The other got clumsily to his feet, extending a large hand to be shaken. “John,” he said, “John Kelly, software.”
“How interesting,” said the creature in his most sincere tone. “I’d love to hear about your work John. I’ve always been fascinated with technical things.” Turning smoothly back to the female, he broadened his smile. “Darling, it’s been ages since I’ve seen you. What luck running into you here. I had a call from the studio just today. They’re anxious to talk to you about the new Travolta project.”
The female smiled weakly and the vampire lowered his voice to a confidential tone. “Here’s an idea,” he said as if a wonderful thought had just popped into his mind. “Why don’t you and John join April and me for dinner out in Malibu? I was just about to ask her.” Leaning close to the big human, he clasped the man’s shoulder in a gesture of comradeship. “Of course it would be my treat and, between us guys, John, the food here at Scatters just isn’t worth the money since Andre went back to Spago….”
“Well now, that’s awful nice of you,” beamed the large human, turning hopefully to the girl at the bar.”
“I’m not sure,” Summer said uncertainly. She looked up at the prince, trying to gauge his expression. “I mean, your…vehicle is so small….”

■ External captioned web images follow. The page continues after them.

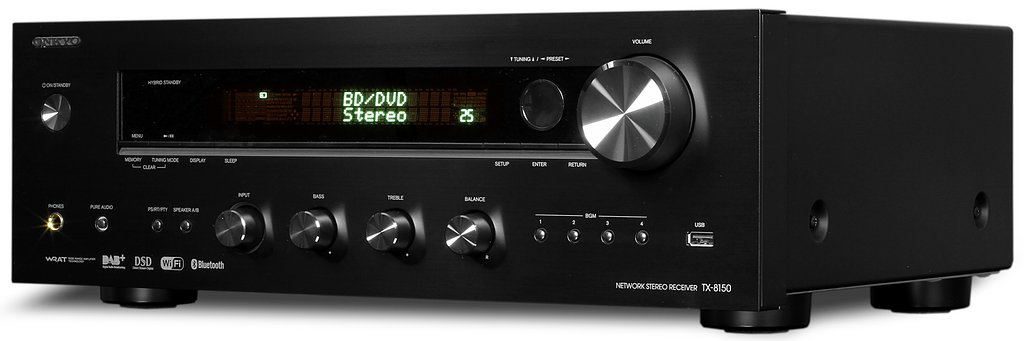 Onkyo TX-8150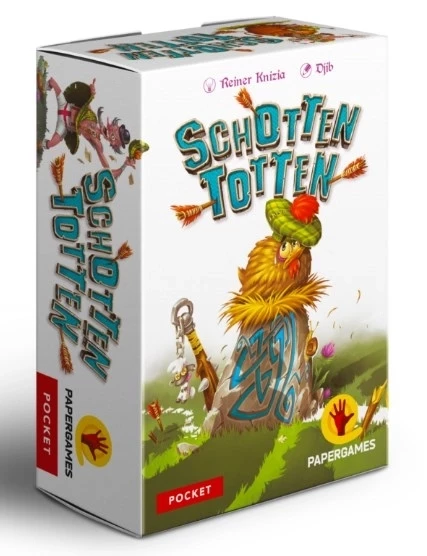 SCHOTTEN TOTTEN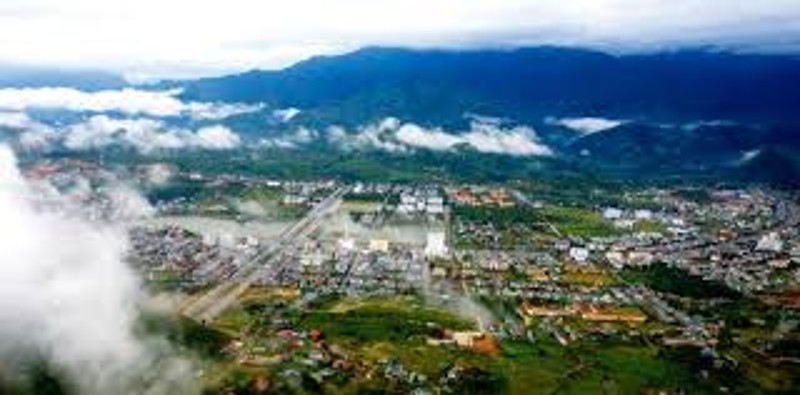 Chấp thuận chủ trương đầu tư xây dựng nhà ở xã hội Đoàn Kết, Lai Châu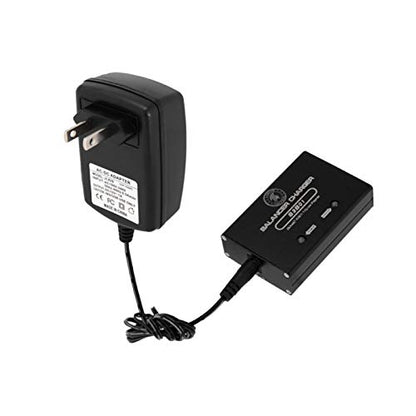 Lancer Tactical Airsoft Lipo Balance Charger for Lithium Polymer 7.4V / 11.1V Battery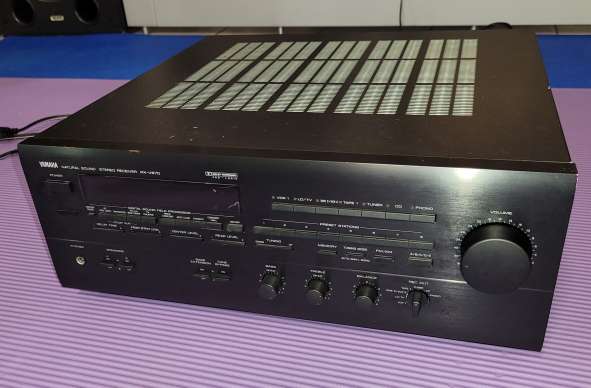 雅马哈 RX-V870 功放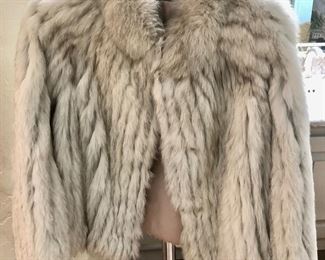 Fox jacket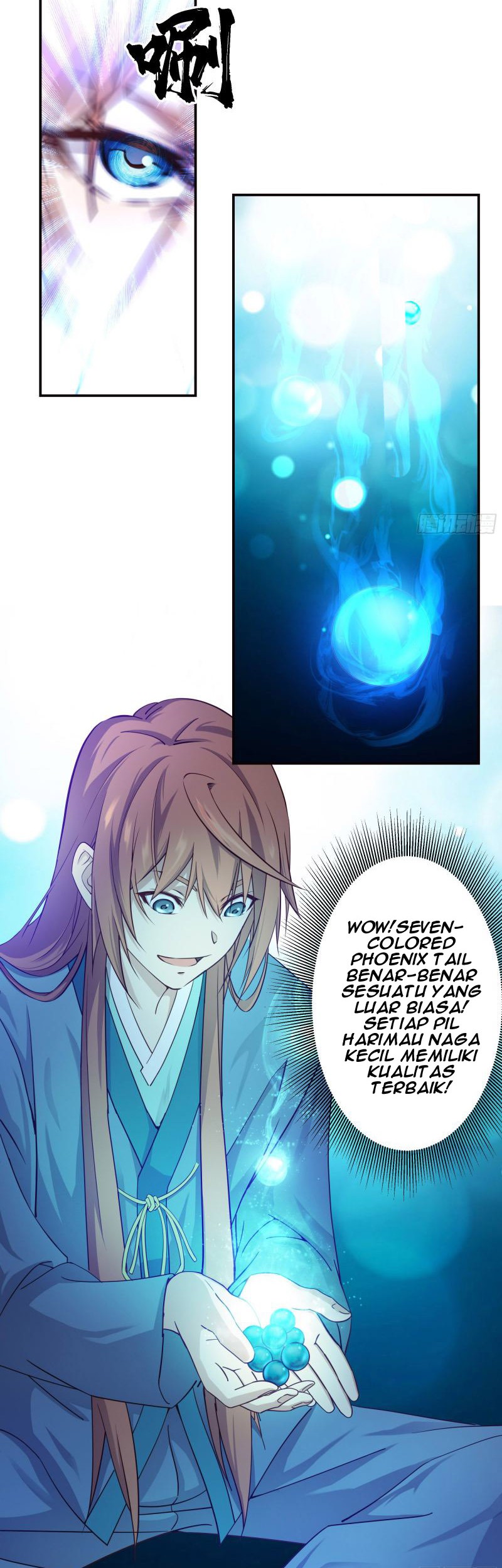 My Master Knows Everything Chapter 5 - halaman 19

“No problemo,” said Straight Razor Dan, his voice filled with false cheer, “luckily I brought the Mercedes tonight.”
“Oh.” Summer’s voice was a tiny whisper against the noisy clatter of the restaurant.
“Then it’s all settled,” he smiled. “I’ll just go and collect April and we’ll be on our way.” He turned on his heel and walked back toward the far end of the bar, the false smile still frozen on his lips. Why, he wondered, was the little bitch acting so strangely now? Perhaps she was just nervous at the prospects of taking the large male. Still, her behavior was very odd, considering how brilliantly she had hunted.
The vampire put the disturbing thought aside, concentrating on the voluptuous female who sat by the bar, patiently awaiting his return. He leaned close, lowering his face to within a few inches of her beautiful throat. “April, I’ve just had a marvelous idea.” His voice was a husky whisper.